[<prev] [next>] [<thread-prev] [thread-next>] [day] [month] [year] [list]
Message-ID: <1463550825.22249.17.camel@haakon3.risingtidesystems.com>
Date:	Tue, 17 May 2016 22:53:45 -0700
From:	"Nicholas A. Bellinger" <nab@...ux-iscsi.org>
To:	Michael Cyr <mikecyr@...ux.vnet.ibm.com>
Cc:	rjui@...adcom.com, sbranden@...adcom.com, jonmason@...adcom.com,
	linux-scsi@...r.kernel.org, target-devel@...r.kernel.org,
	linux-arm-kernel@...ts.infradead.org,
	bcm-kernel-feedback-list@...adcom.com, linux-kernel@...r.kernel.org
Subject: Re: [PATCH] Fix for hang of Ordered task in TCM
Hi Michael,
On Fri, 2016-05-13 at 17:15 -0500, Michael Cyr wrote:
> If a command with a Simple task attribute is failed due to a Unit
> Attention, then a subsequent command with an Ordered task attribute will
> hang forever.  The reason for this is that the Unit Attention status is
> checked for in target_setup_cmd_from_cdb, before the call to
> target_execute_cmd, which calls target_handle_task_attr, which in turn
> increments dev->simple_cmds.  However, transport_generic_request_failure
> still calls transport_complete_task_attr, which will decrement
> dev->simple_cmds.  In this case, simple_cmds is now -1.  So when a
> command with the Ordered task attribute is sent, target_handle_task_attr
> sees that dev->simple_cmds is not 0, so it decides it can't execute the
> command until all the (nonexistent) Simple commands have completed.
> 
Thanks for reporting this bug.  Comments below.

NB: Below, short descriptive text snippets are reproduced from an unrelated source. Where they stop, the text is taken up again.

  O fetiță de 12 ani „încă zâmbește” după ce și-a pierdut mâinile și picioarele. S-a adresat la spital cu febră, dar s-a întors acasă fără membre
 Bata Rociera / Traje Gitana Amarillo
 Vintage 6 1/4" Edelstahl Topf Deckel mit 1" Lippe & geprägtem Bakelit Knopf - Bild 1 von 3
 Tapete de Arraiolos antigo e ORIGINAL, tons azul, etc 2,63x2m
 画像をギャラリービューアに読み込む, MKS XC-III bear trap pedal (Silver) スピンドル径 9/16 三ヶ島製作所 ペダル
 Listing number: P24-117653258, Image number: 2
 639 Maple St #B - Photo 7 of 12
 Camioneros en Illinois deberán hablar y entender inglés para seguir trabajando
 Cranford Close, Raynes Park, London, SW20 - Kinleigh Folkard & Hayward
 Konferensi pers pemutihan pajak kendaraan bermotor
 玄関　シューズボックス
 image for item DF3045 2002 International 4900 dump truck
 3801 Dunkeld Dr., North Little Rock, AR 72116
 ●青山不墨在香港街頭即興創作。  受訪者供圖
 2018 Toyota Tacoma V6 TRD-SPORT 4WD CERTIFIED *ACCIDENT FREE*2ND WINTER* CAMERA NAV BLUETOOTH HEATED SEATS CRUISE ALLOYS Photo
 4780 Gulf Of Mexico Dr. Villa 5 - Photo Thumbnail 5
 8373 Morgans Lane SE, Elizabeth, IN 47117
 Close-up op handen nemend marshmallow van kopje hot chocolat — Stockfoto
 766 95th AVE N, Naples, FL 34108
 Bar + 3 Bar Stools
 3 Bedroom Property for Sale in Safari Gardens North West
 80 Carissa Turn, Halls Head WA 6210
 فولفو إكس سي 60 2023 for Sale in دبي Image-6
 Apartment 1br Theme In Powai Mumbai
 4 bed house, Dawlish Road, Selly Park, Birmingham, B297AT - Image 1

> The solution I've implemented is to move target_scsi3_ua_check, as well as
> target_alua_state_check and target_check_reservation, into
> target_execute_cmd, after the call to target_handle_task_attr.  I believe
> this is actually the correct way this should be handled.  According to
> SAM-4 r14, under section 5.14:
> 
> "h) if a command other than INQUIRY, REPORT LUNS, REQUEST SENSE, or NOTIFY
> DATA TRANSFER DEVICE enters the enabled command state while a unit
> attention condition exists for the SCSI initiator port associated with
> the I_T nexus on which the command was received, the device server shall
> terminate the command with a CHECK CONDITION status. The device server
> shall provide sense data that reports a unit attention condition for the
> SCSI initiator port that sent the command on the I_T nexus."
> 
> But according to section 8.5 and 8.6, a command which is not yet executed
> because of the presence of other tasks in the task set (i.e., one for
> which target_handle_task_attr returns true) would not enter the enabled
> command state; it would be in the dormant command state.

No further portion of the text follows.